#### [Data extracts]
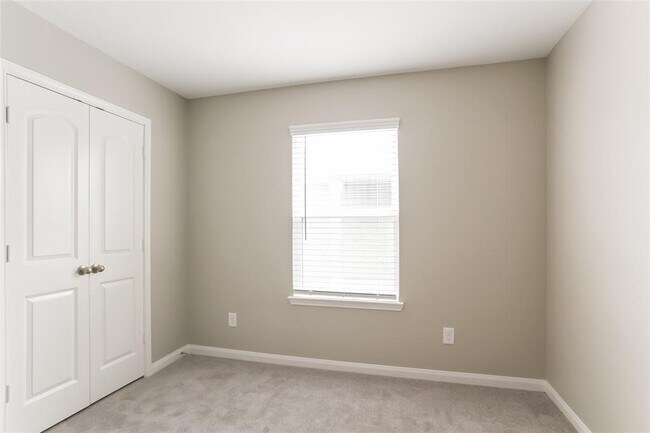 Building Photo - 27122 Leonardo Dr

==

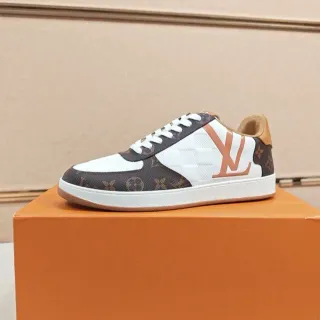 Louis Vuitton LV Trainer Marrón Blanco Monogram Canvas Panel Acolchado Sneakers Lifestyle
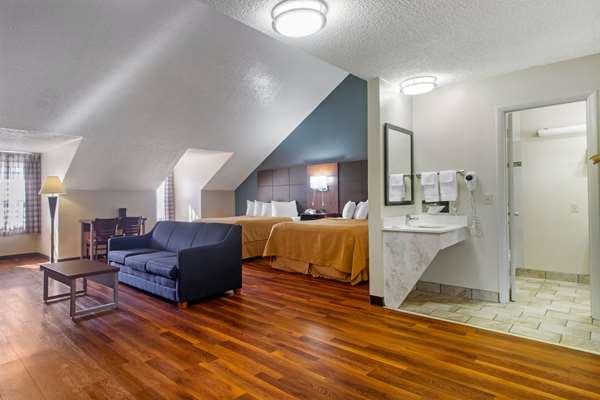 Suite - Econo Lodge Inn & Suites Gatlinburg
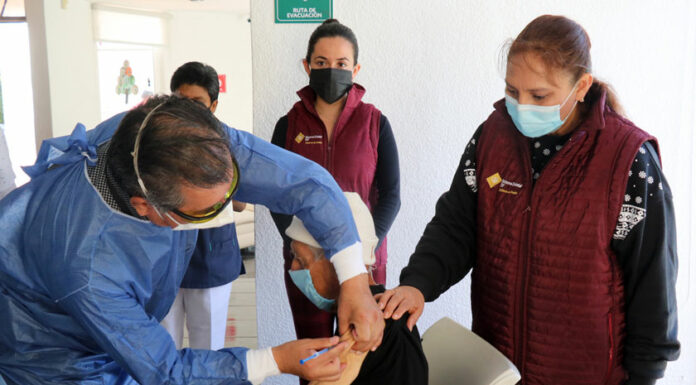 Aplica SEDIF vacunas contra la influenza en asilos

#### [Instructions for the task]
Among the entries above, take the line with "Louis Vuitton LV", the line with "Aplica SEDIF vacunas", and all the lines between them, and restate them word for word without pictures.

#### [Answer section]
 Louis Vuitton LV Trainer Marrón Blanco Monogram Canvas Panel Acolchado Sneakers Lifestyle
 Suite - Econo Lodge Inn & Suites Gatlinburg
 Aplica SEDIF vacunas contra la influenza en asilos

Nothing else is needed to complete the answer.